Content starts

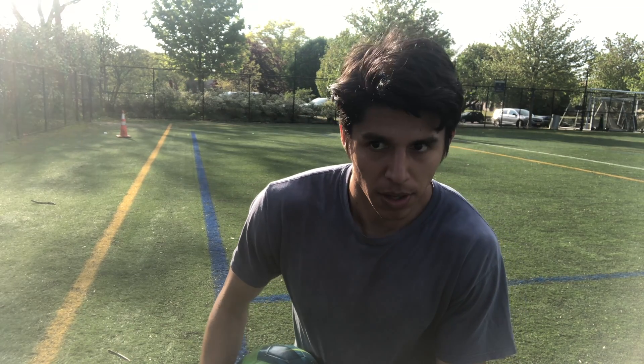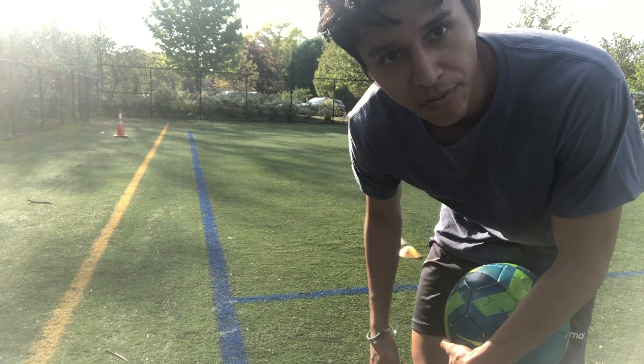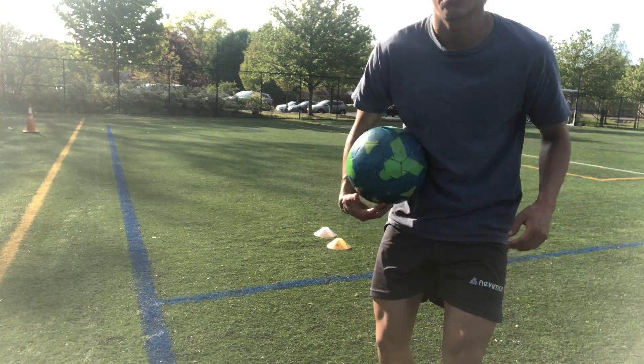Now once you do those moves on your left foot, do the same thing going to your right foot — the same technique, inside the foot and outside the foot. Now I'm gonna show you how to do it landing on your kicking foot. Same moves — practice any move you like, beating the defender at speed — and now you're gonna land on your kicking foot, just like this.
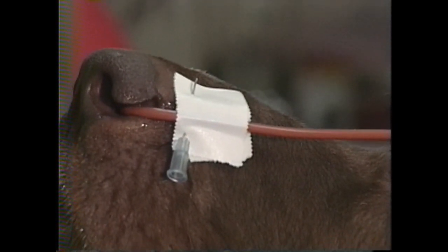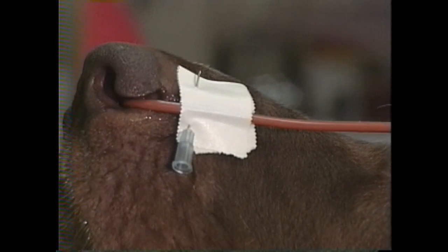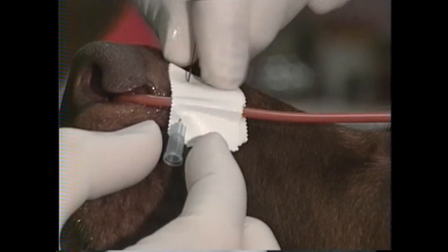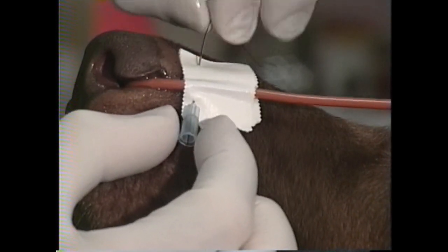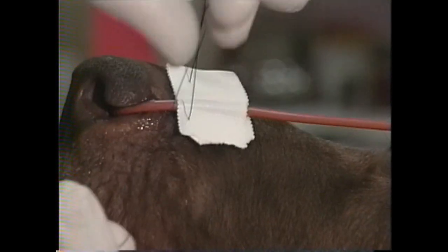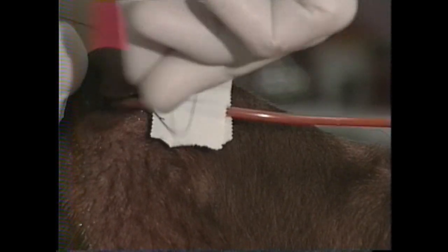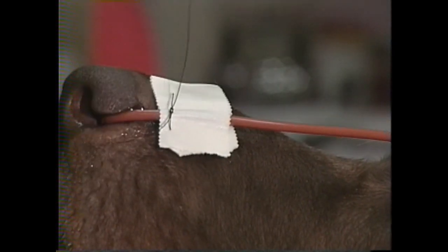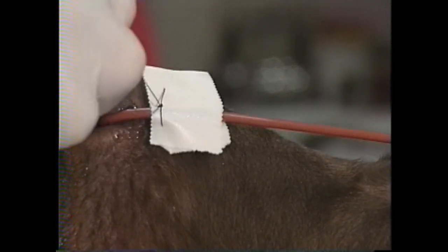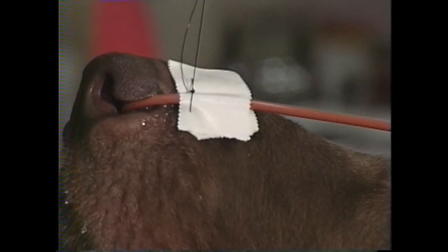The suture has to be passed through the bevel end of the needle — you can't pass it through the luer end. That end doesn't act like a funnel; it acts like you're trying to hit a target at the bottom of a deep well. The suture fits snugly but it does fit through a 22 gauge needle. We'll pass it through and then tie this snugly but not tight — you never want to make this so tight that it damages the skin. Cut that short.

Content ends
Content starts

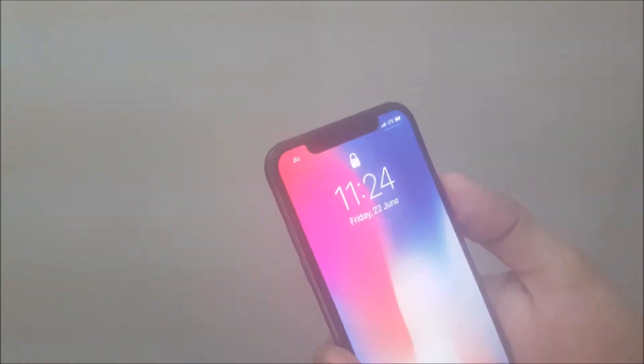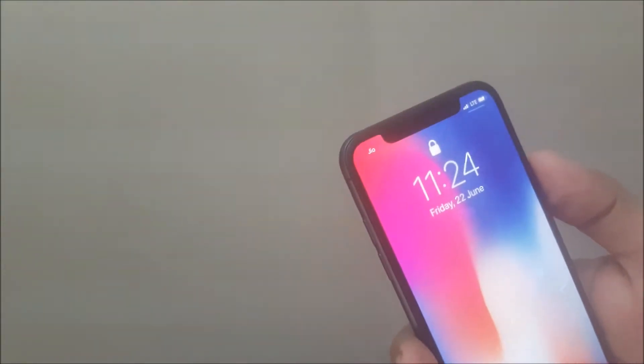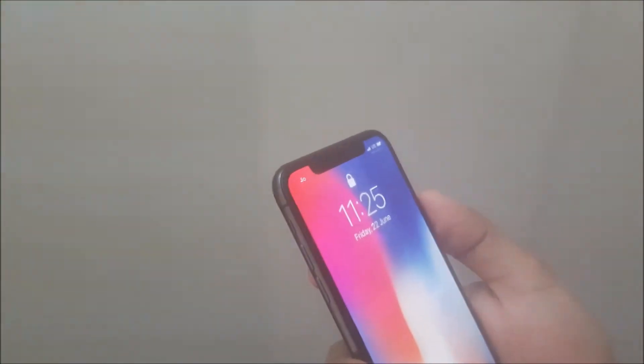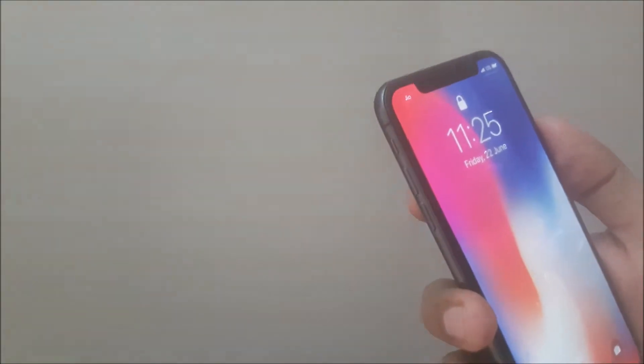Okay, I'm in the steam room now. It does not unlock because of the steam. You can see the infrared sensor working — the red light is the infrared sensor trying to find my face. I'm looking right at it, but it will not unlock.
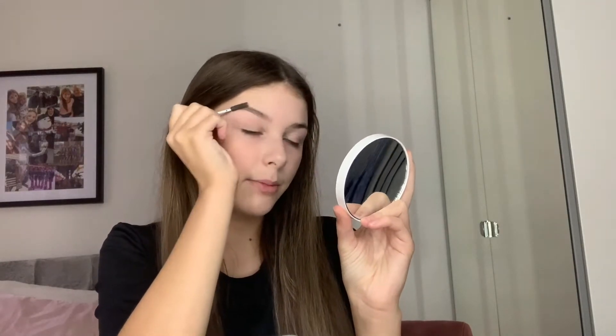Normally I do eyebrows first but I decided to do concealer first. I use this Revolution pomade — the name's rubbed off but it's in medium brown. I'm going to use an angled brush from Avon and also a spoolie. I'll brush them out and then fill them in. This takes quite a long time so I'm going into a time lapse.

Content ends

PROBLEM: Above are some records. Reproduce the lines from the one with "Now once you" down to the one with "The suture has", keeping both, and leave every picture out.

FINISHED TASK:
Now once you do those moves on your left foot, do the same thing going to your right foot — the same technique, inside the foot and outside the foot. Now I'm gonna show you how to do it landing on your kicking foot. Same moves — practice any move you like, beating the defender at speed — and now you're gonna land on your kicking foot, just like this.
The suture has to be passed through the bevel end of the needle — you can't pass it through the luer end. That end doesn't act like a funnel; it acts like you're trying to hit a target at the bottom of a deep well. The suture fits snugly but it does fit through a 22 gauge needle. We'll pass it through and then tie this snugly but not tight — you never want to make this so tight that it damages the skin. Cut that short.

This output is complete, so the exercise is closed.